現在、7月1日までの締切りで「小売電気事業の登録の申請等に関する省令案」に対するパブリックコメントが行なわれています。この省令は、来年から電力自由化で私たちが電力会社を自由に選んで電気を購入することができるようになるにあたって、その際に電気を販売する小売事業者に求められるルールを定めるものです。消費者にとっても、電気を選ぶ際の要素がこれによって決められるため非常に重要な省令です。
気候ネットワークからは、今回の省令案で再生可能エネルギーの表示がわかりにくくされてしまいかねない懸念や電源表示義務がないことなどが問題であることから、次の2点について意見を提出しました。
1.環境付加の低減に資することの説明禁止条項の削除
省令案第4条と第8条で、FITで交付金を受けている小売事業者や登録特定送配電事業者などが「再生可能エネルギー電気が環境への負荷の低減に資するものである旨を説明してはならない」と書かれているが、これは削除すべきである。
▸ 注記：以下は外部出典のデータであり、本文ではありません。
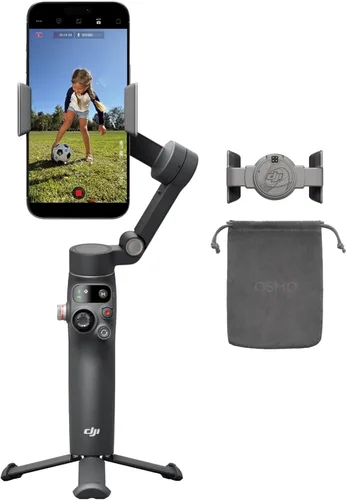 Vista 11 de DJI Osmo Mobile 8 Advanced Tracking Combo Gimbal Stabilizer para teléfono, seguimiento nativo de IA con audio e iluminación, rotación panorámica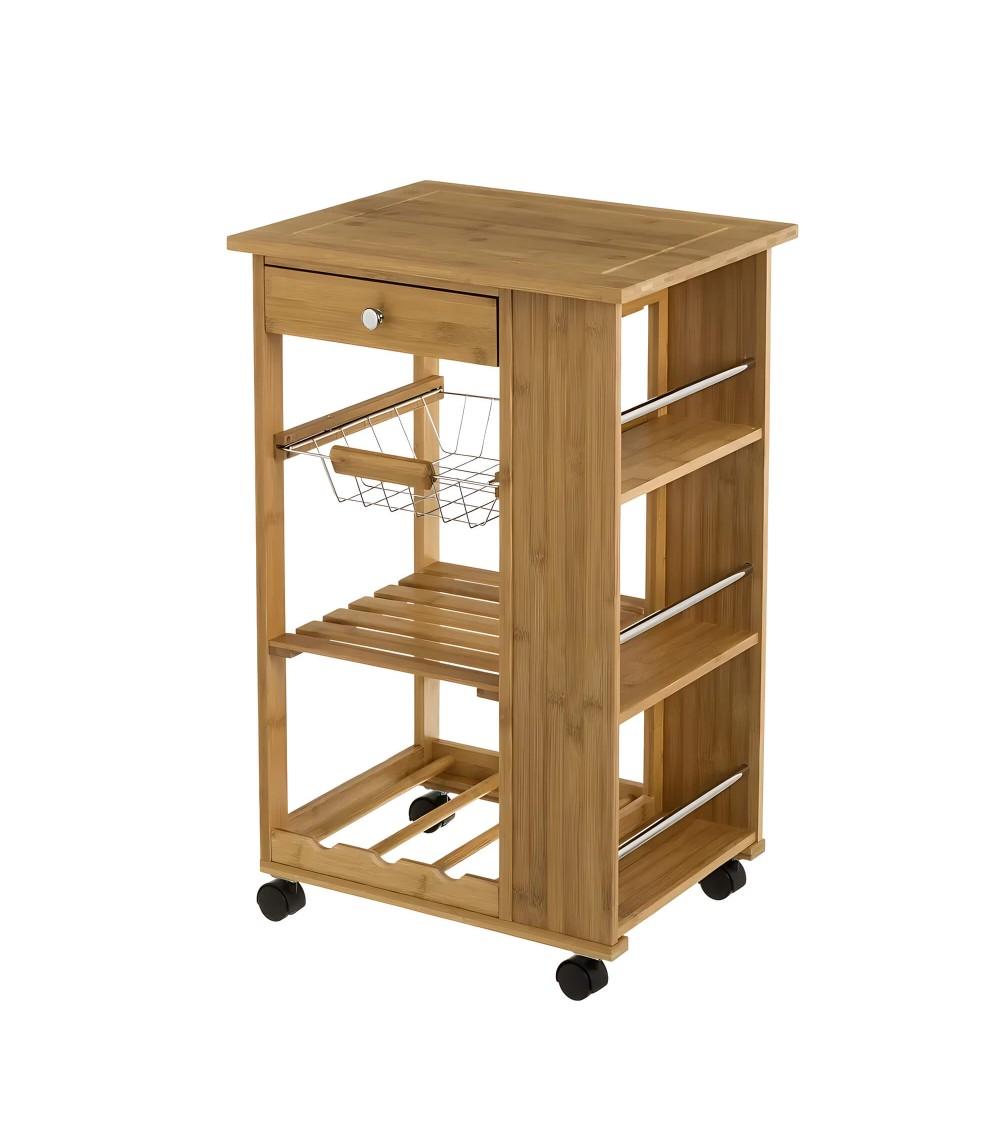 Dcasa Carro De Cocina Botellero De Bambú Marrón De 48x38x76 Cm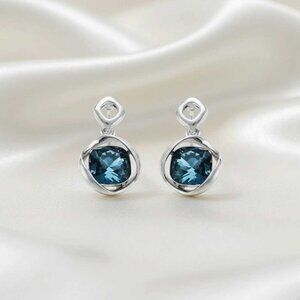 Ladies Exceptional Blue Platinum Crystal Earrings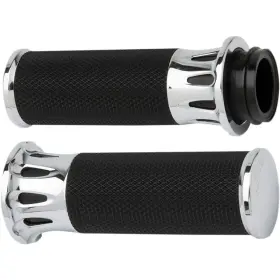 07-318 Arlen Ness Chrome Deep Cut Grips For Throttle By Wire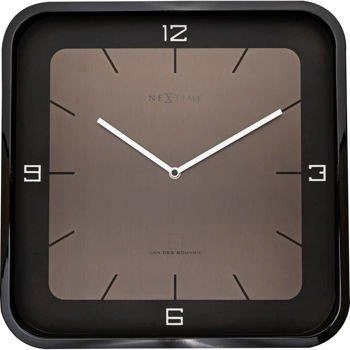 NeXtime – Zegar ścienny Square Wall z cichym mechanizmem, czarny, 20 × 20 cm
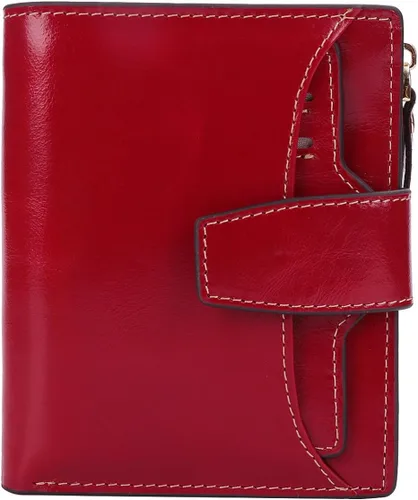 Vista 27 de Cartera de cuero con bloqueo RFID para mujer, pequeña, compacta, doble cremallera, con ventana para identificación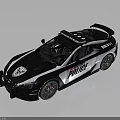 Sporty Black And White Police Car With Roof Lights Rear Spoiler And Decals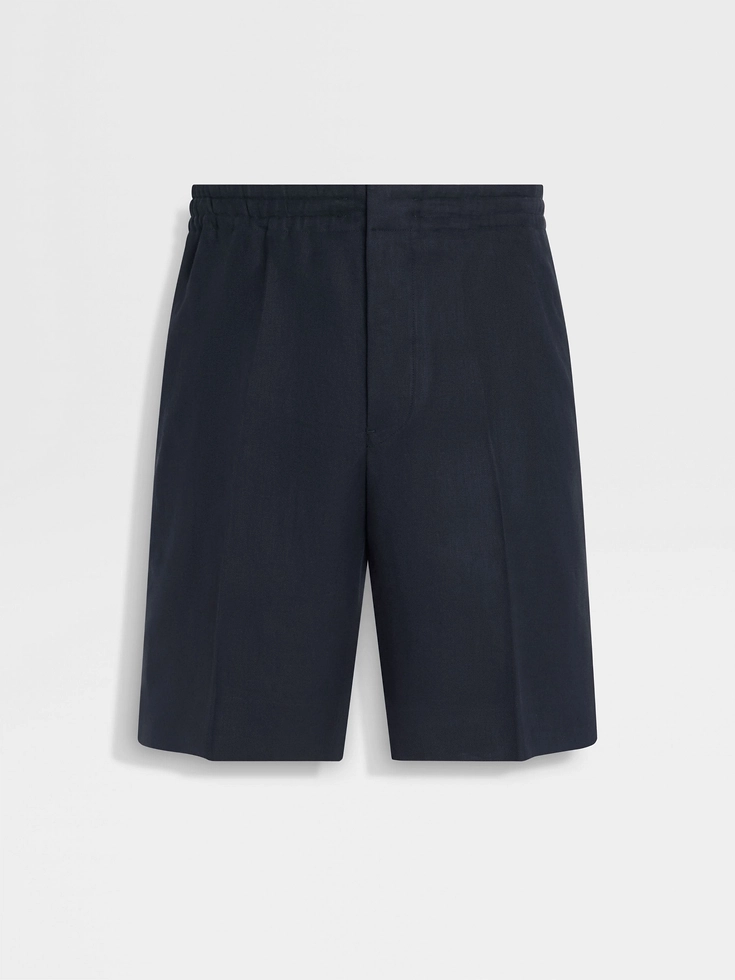 Pantalones cortos de lino azul marino Oasi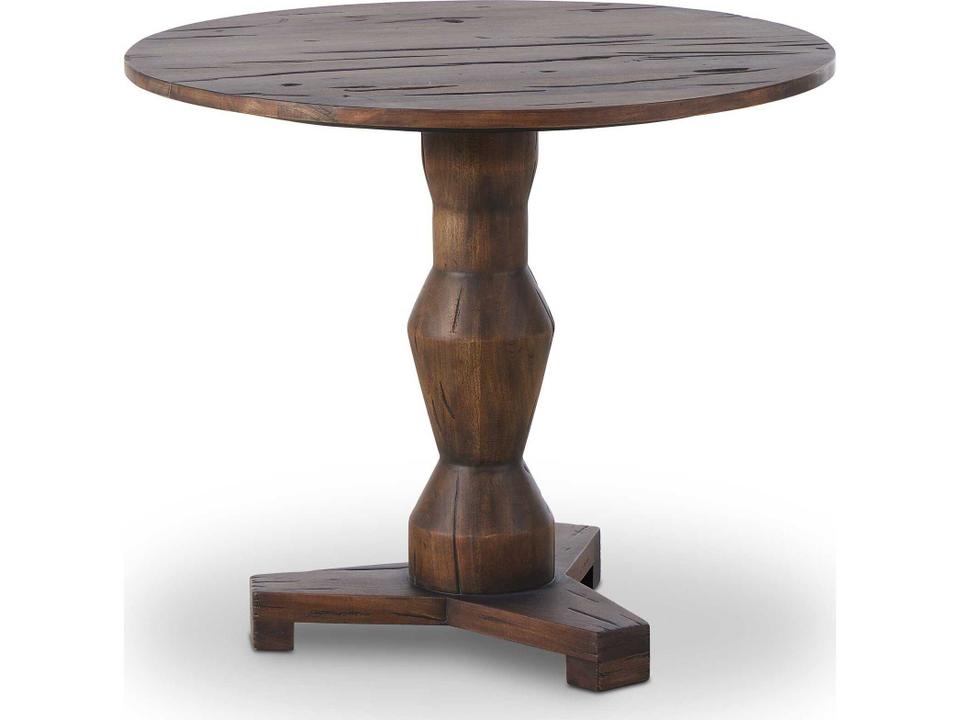 Theory Round Wood Antique Belgium Bleach End Table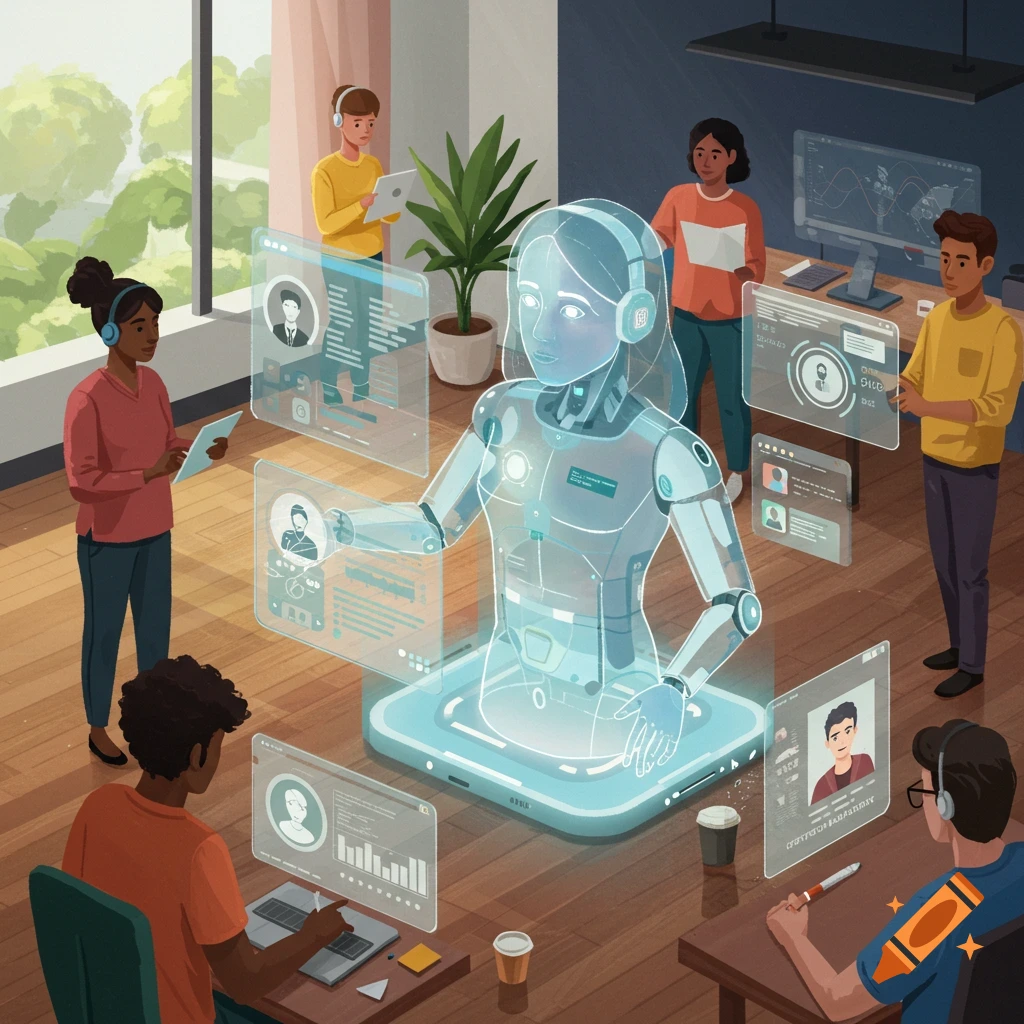 People interacting with a holographic AI robot and data screens in an office.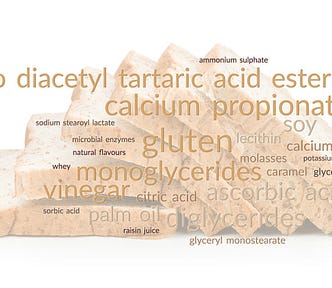 A word cloud illustrating the many additives in bread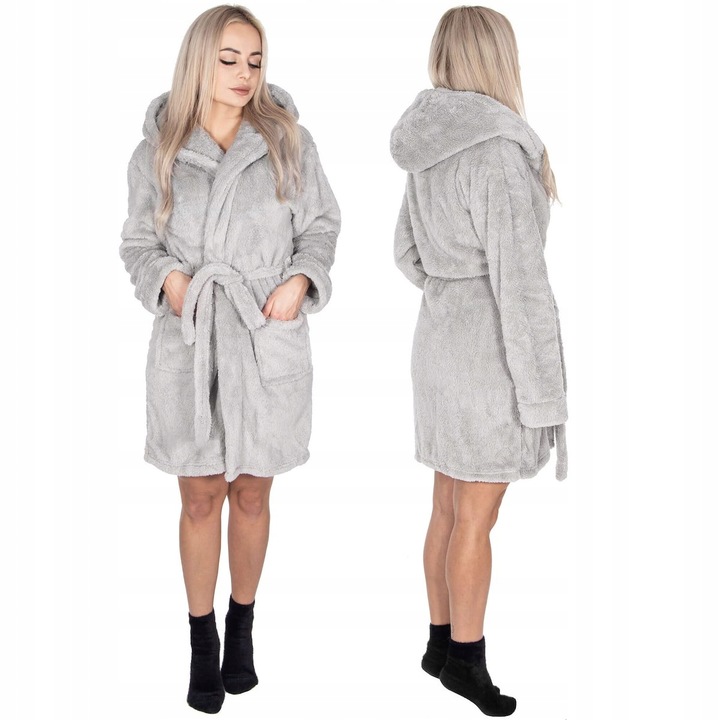 SZLAFROK DAMSKI CIEPŁY Z KAPTUREM R.S/M WIĄZANY W TALII GRUBY DŁUGI MIĘKKI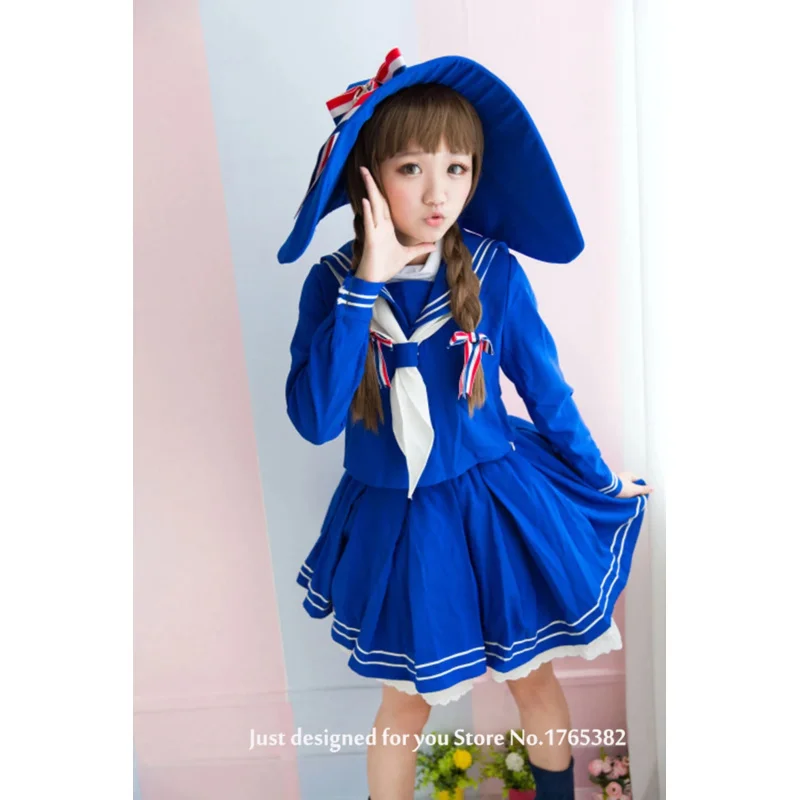 qq 123 Donne adulte Anime Wadanohara Costume Cosplay Giappone Ragazze Bianco Blu Uniforme da marinaio Set Top + Gonna + Sciarpa + Copricapo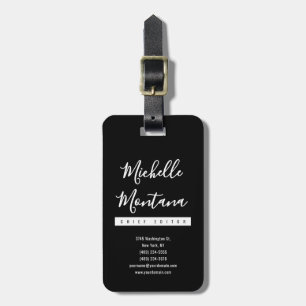 Minimalist Black Professional Modern Luggage Tag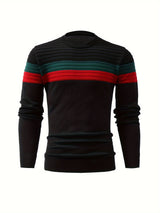 Cool Knitted Sweater For Men, Men's Casual Retro Striped Pullover Knit Sweater Streetwear For Winter Fall, As Gifts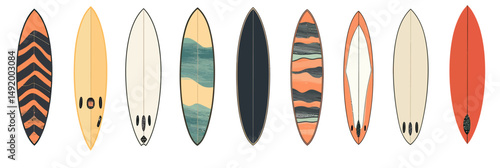 Set of nine colorful surfboards with various patterns and shapes flat minimalist vector illustration on white background for summer sports and beach lifestyle design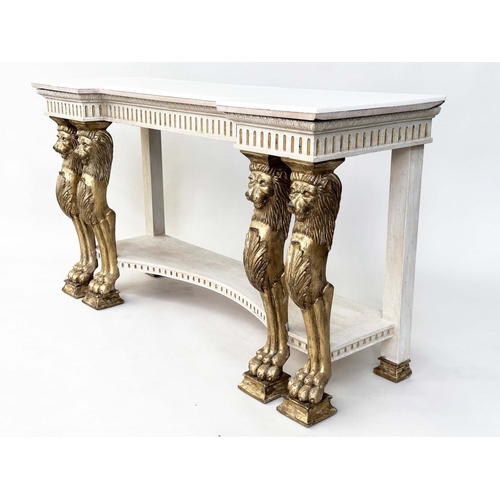 238 - CONSOLE TABLE, Neo Classical form giltwood and gesso-moulded with inverted breakfront marble top, fl... 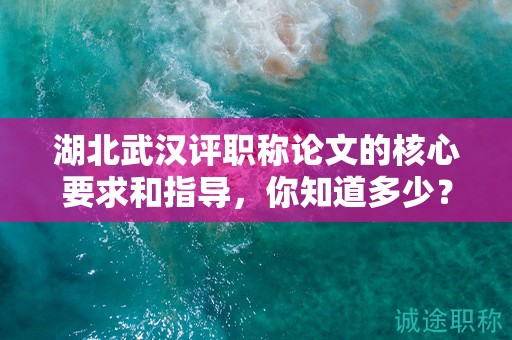 湖北武漢評(píng)職稱(chēng)論文的核心要求和指導(dǎo)，你知道多少？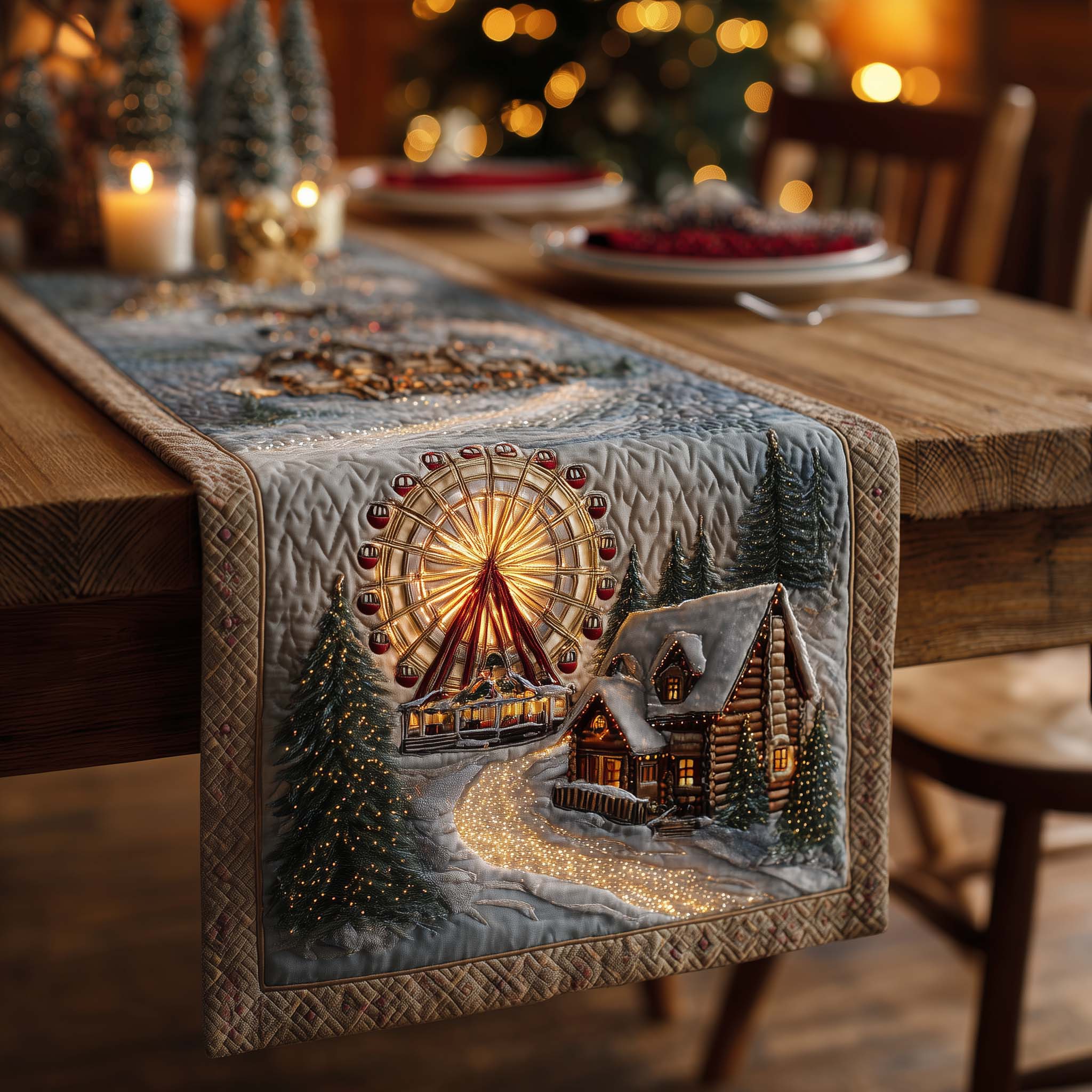 Carnival Glow Quilted Table Runner Elegant Holiday Decor Suggestions For Family Christmas Gifts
FITですでに環境価値に対しての対価が支払われていることが理由だが、これはその説明を書くようにすればよいだけで、環境価値があることを説明してはならないと禁止するのはおかしい。
2.電源別の表示義務化
省令の中で、小売事業者が電源を表示することが義務づけられていないが、消費者にわかりやすいよう電源構成を含めた表示を義務づけるべきである。
消費者が環境価値や持続可能な電源を選べるように表示することは小売事業者の自主性に任せるべきではなく、全事業者への義務とすべきで、このことが日本の持続可能なエネルギーシステムを構築に資する重要な要素にもなる。
EUでは、電源ごとに表示することが義務づけられており、供給する電力の環境負荷(CO2排出量と放射性廃棄物排出量)についても表示しなければならないとされている。